XML Tree Walking

Keith Vetter 2005-03-21 : Recently I had to optimize some code that was using pure-tcl to extract out each element of an XML file in the order it appears in the file. My first step in optimization was simply to use tdom to build a dom tree. Then, the following code does a restartable pre-order traversal of that tree

The first call to :::WalkXML::NextNode with XML data initializes the dom tree. Each subsequent call to ::WalkXML::NextNode returns the next dom node.

Just this optimization alone, without redoing the code to utilize the dom tree, greatly speeded up the processing.

NEM 21Mar05: If you want to walk the elements in the order they appear in the file, might a SAX interface be just what you are after?

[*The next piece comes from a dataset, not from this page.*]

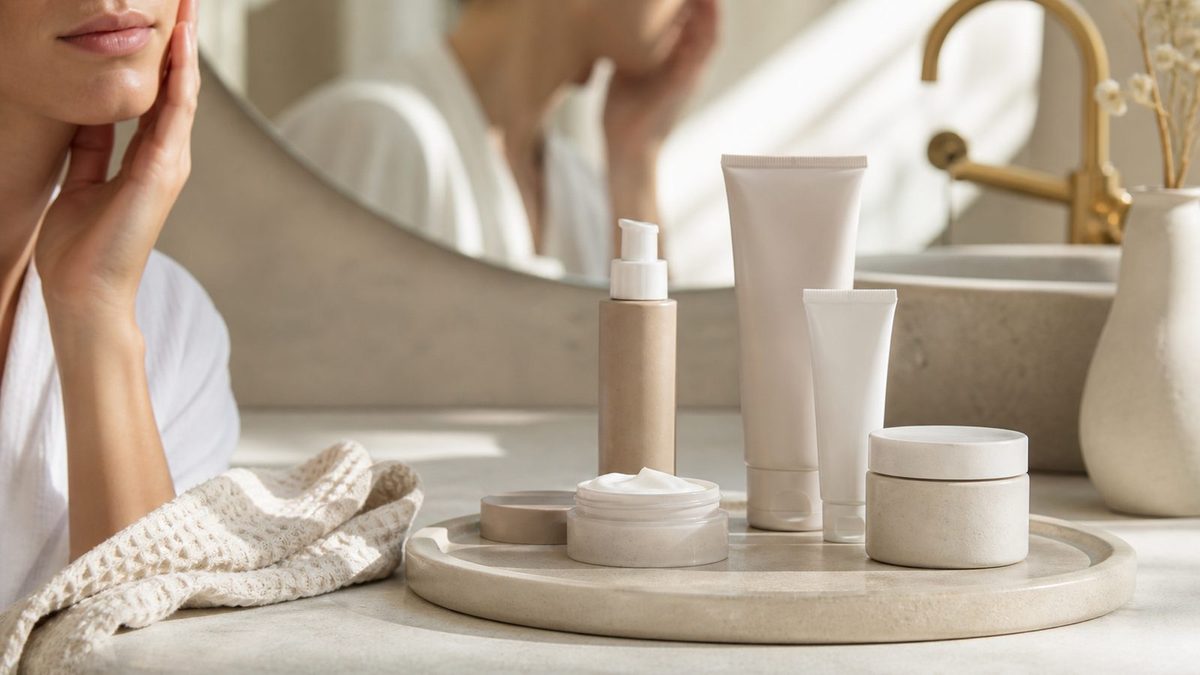 Neutral skincare bottles and jars on a stone bathroom tray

KPV Close, but the two models differ in who drives whom. The SAX model makes repeated calls into user code via callbacks while in this model works user code makes repeated calls into the this model. For parsing XML, I find the second way better fitting my mental model of how it should work: e.g. I'm looking at a <time> tag so I just need to call NextNode to get its value. With the SAX model I guess you'd accomplish the same by setting some global state variable.

NEM 22Mar05 Ah, OK. Yes, with SAX you generally have to layer some sort of state machine over the callbacks. E.g. in my Simple XML report writer I used a global stack. Come to think of it, it'd be nice if the SAX callbacks could return some state, which would be passed to the next callback. Then you wouldn't have to manage the lifecycle of global/namespace'd state variables. But I digress.

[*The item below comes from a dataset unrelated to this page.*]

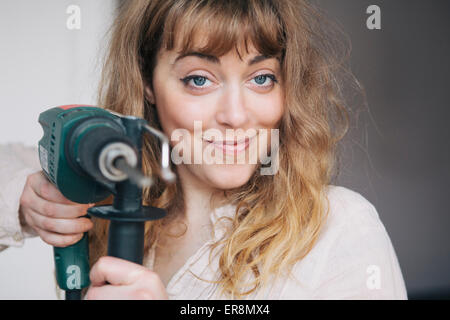 Ritratto di fiducioso giovane donna holding trapano a casa Foto Stock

 ##+##########################################################################
 #
 # WalkXML -- walks an tdom XML tree with each call to NextNode returning
 # the next node in a pre-order traversal of the dom tree.
 # by Keith Vetter, March 2005
 #
 
 package require tdom
 namespace eval ::WalkXML { variable stack}
 
 proc ::WalkXML::NextNode {{XML ""}} {
    variable stack                              ;# List of VISITED ancestors
 
    if {$XML ne ""} {                           ;# Parse given xml
        set doc [dom parse $XML]
        set root [$doc documentElement]
        set stack [list $root]
        return $root
    }
        
    while {1} {
        set last [lindex $stack end]            ;# Last already visited node
 
        set next [$last firstChild]             ;# Try going down the tree
        if {$next ne ""} break
        
        set stack [lrange $stack 0 end-1]
        set next [$last nextSibling]            ;# Try going across the tree
        if {$next ne ""} break
    
        while {1} {                             ;# Must go up the tree
            set next [lindex $stack end]        ;# Parent
            set stack [lrange $stack 0 end-1]
            if {$next eq ""} break
            
            set next [$next nextSibling]        ;# Try parent's sibling
            if {$next ne ""} break
        }
        break
    }
    if {$next ne ""} {
        lappend stack $next
    }
    return $next
 }
 
 
 
 ################################################################
 #
 # Demo code
 #
 set XML {<?xml version="1.0" encoding="ISO-8859-1"?>
    <loc version="1.0" src="Groundspeak">
    <waypoint>
    <name id="GCGPXK"><![CDATA[Playing Poker with the Squirrels by Rino 'n Rinette]]></name>
    <coord lat="40.1548166" lon="-82.5202833"/>
    <type>Geocache</type>
    <link text="Cache Details">http://www.geocaching.com/seek/cache_details.aspx?wp=GCGPXK</link>
    </waypoint><waypoint>
    <name id="GC19DF"><![CDATA[Great Playground Caper by Treasure Hunters Inc.]]></name>
    <coord lat="40.0667166666667" lon="-82.5358"/>
    <type>Geocache</type>
    <link text="Cache Details">http://www.geocaching.com/seek/cache_details.aspx?wp=GC19DF</link>
    </waypoint>
    </loc>
 }
 
 
 set node [::WalkXML::NextNode $XML]
 while {$node ne ""} {
    if {[$node nodeType] eq "TEXT_NODE"} {
        puts "\"[$node nodeValue]\""
    } else {
        puts "[$node nodeName]"
    }
    set node [::WalkXML::NextNode]
 }